═════ Data ═════
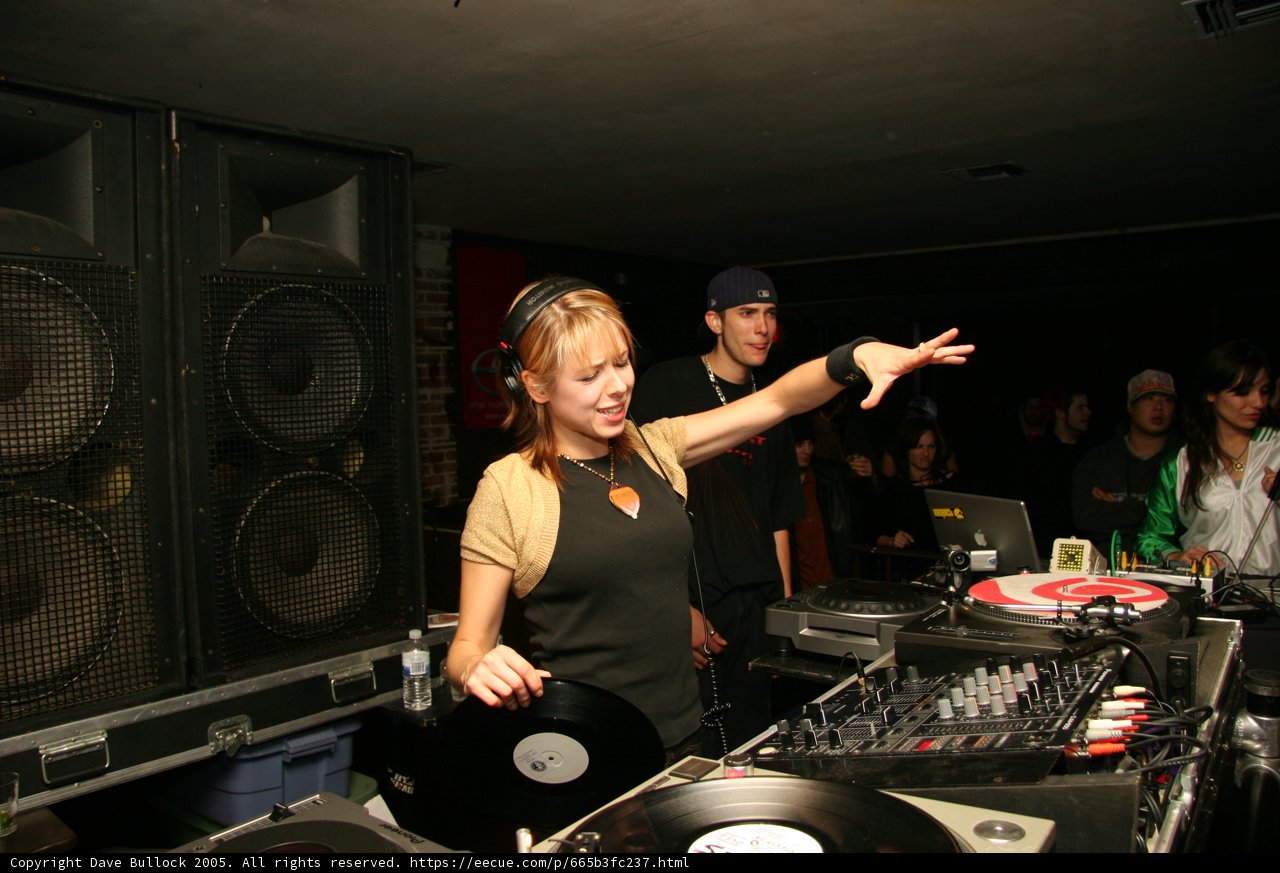 DJ Reid Speed in Action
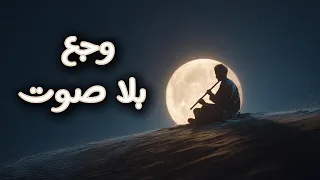 وجع بلا صوت   موسيقى ناي حزينة تمس القلب                                                   دندنها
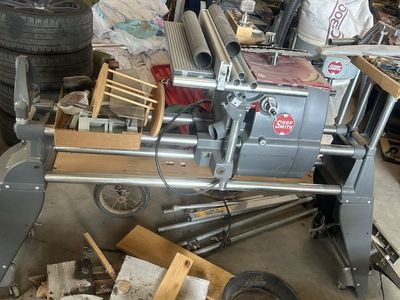 Shop Smith Mark V 5-in-1 Woodworking System w/ Accessories & Power Tool Woodworking Book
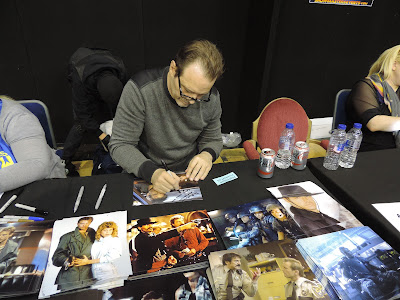 kyle reese signed photo shoot bournemouth film and comic con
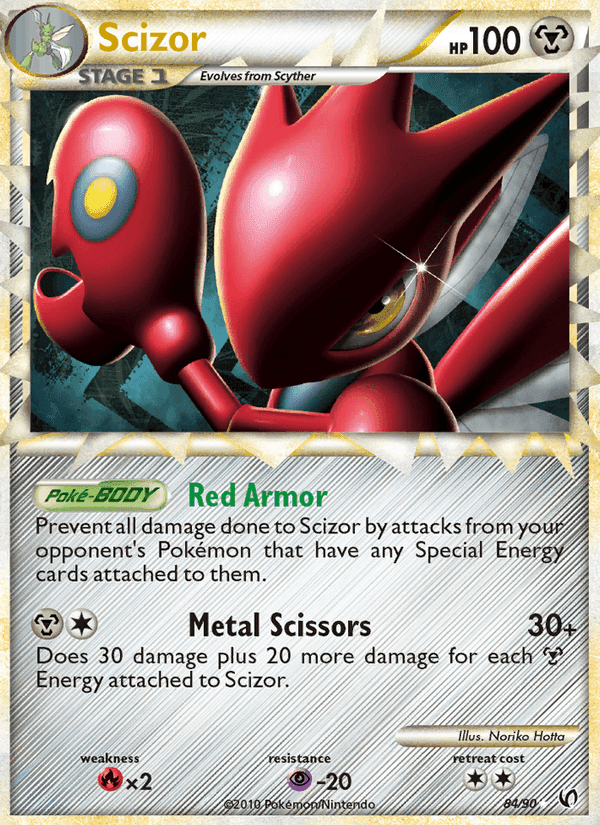 Scizor, card 84 from Undaunted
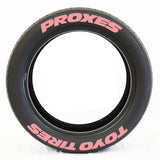 Rubber Letters Tire Sticker Car Tire Wheel Sticker Universal Fit 3D Logo Auto Motorcycle Tires Stickers Wheels Label DIY Styling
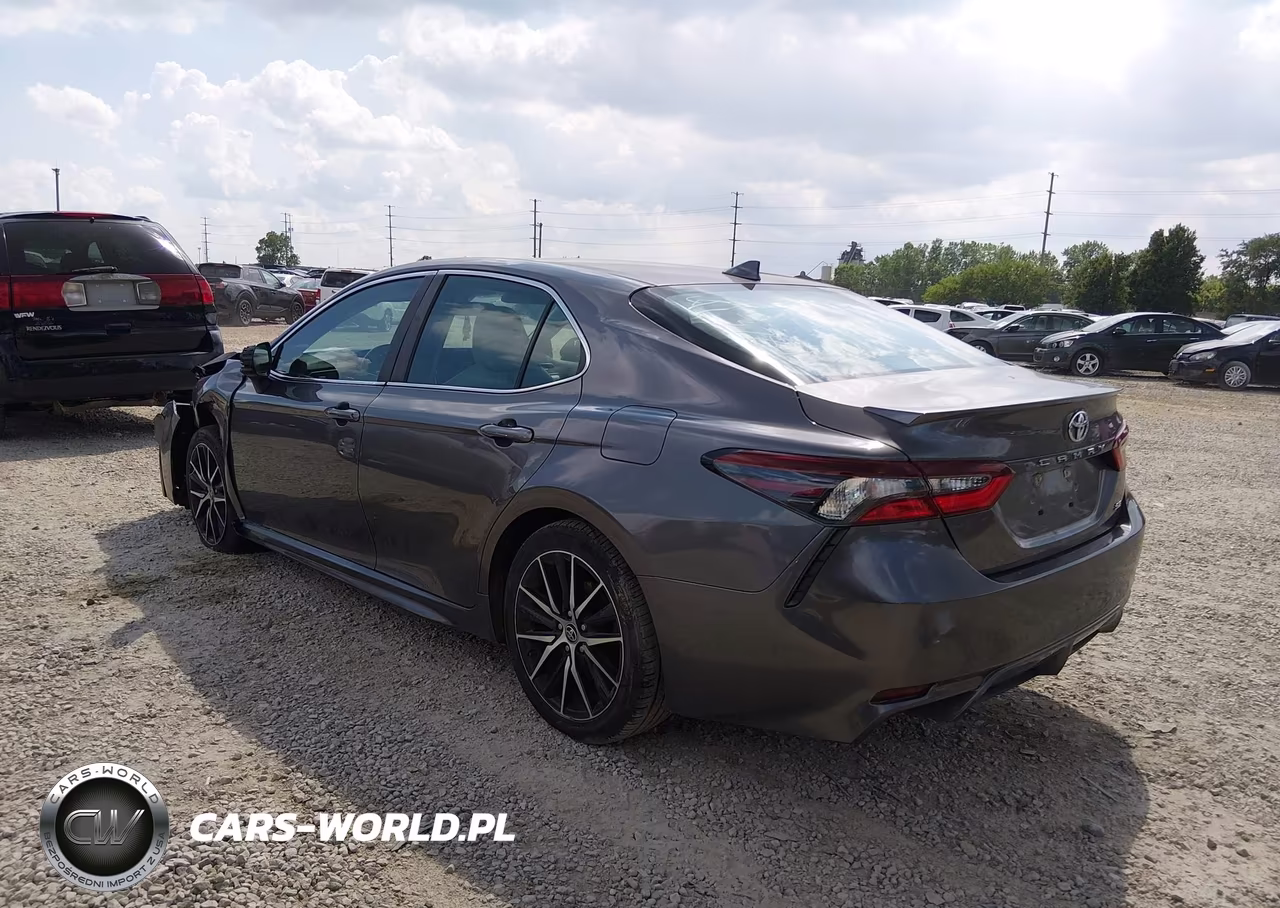 2021 Toyota Camry Se VIN:4T1G11AK3MU413784 - 3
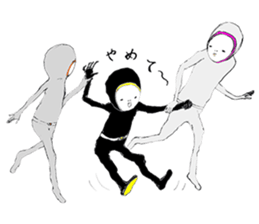 softly people sticker ver.6 sticker #8227957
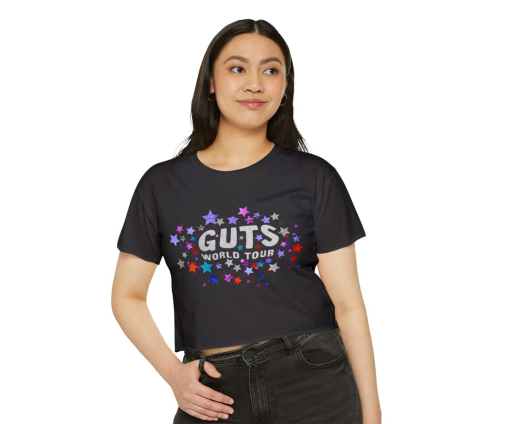 Olivia Rodrigo Shirt Tshirt The Guts World Tour 2024 Gift for fan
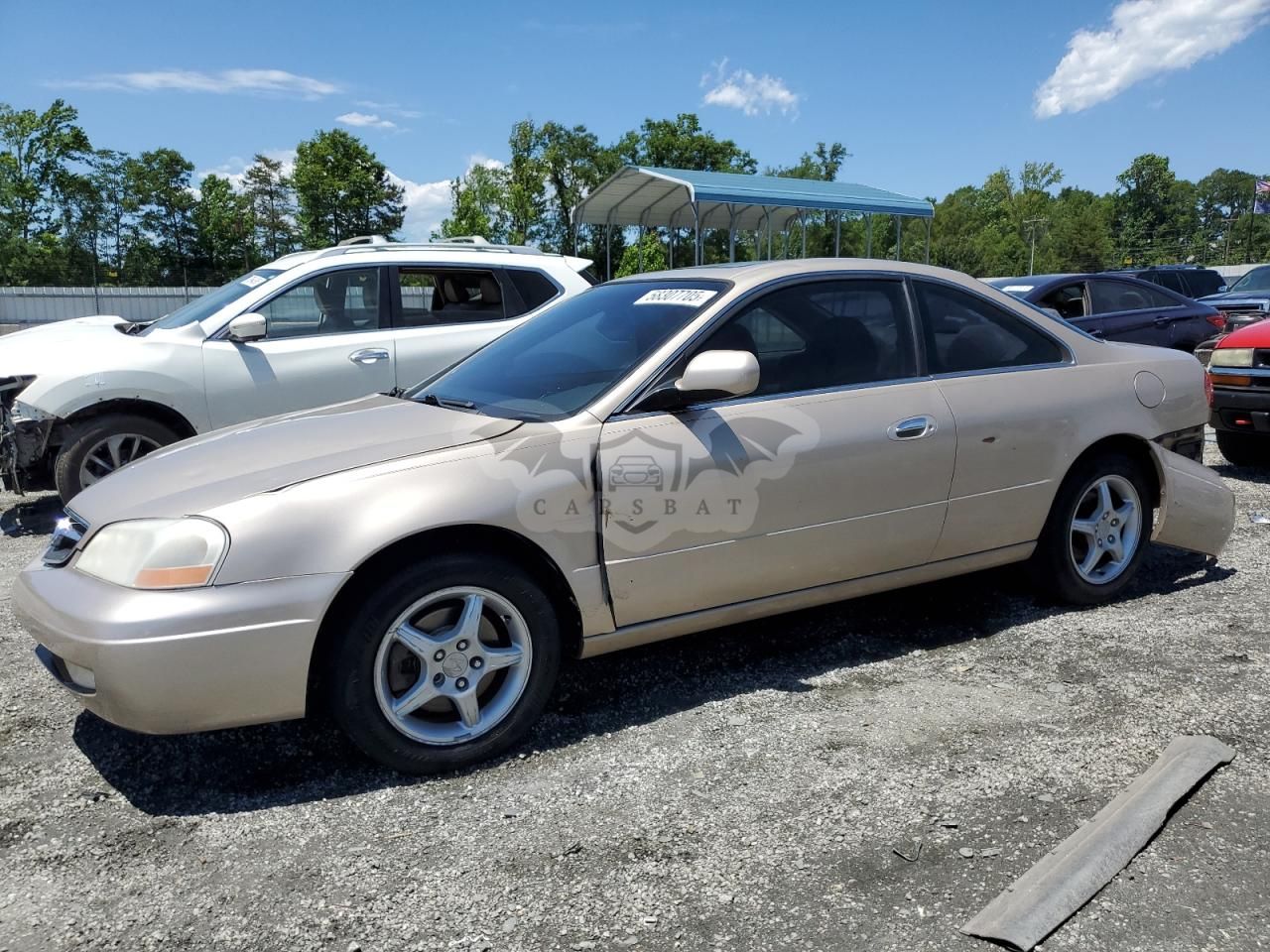 Acura CL 3.2L 6 2001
═════
*Try it*: Return all of the records above exactly as written. Omit each picture.

*Exercise response*:
 DJ Reid Speed in Action
 وجع بلا صوت   موسيقى ناي حزينة تمس القلب                                                   دندنها
 Shop Smith Mark V 5-in-1 Woodworking System w/ Accessories & Power Tool Woodworking Book
 kyle reese signed photo shoot bournemouth film and comic con
 Scizor, card 84 from Undaunted
 Rubber Letters Tire Sticker Car Tire Wheel Sticker Universal Fit 3D Logo Auto Motorcycle Tires Stickers Wheels Label DIY Styling
 2021 Toyota Camry Se VIN:4T1G11AK3MU413784 - 3
 softly people sticker ver.6 sticker #8227957
 Olivia Rodrigo Shirt Tshirt The Guts World Tour 2024 Gift for fan
 Acura CL 3.2L 6 2001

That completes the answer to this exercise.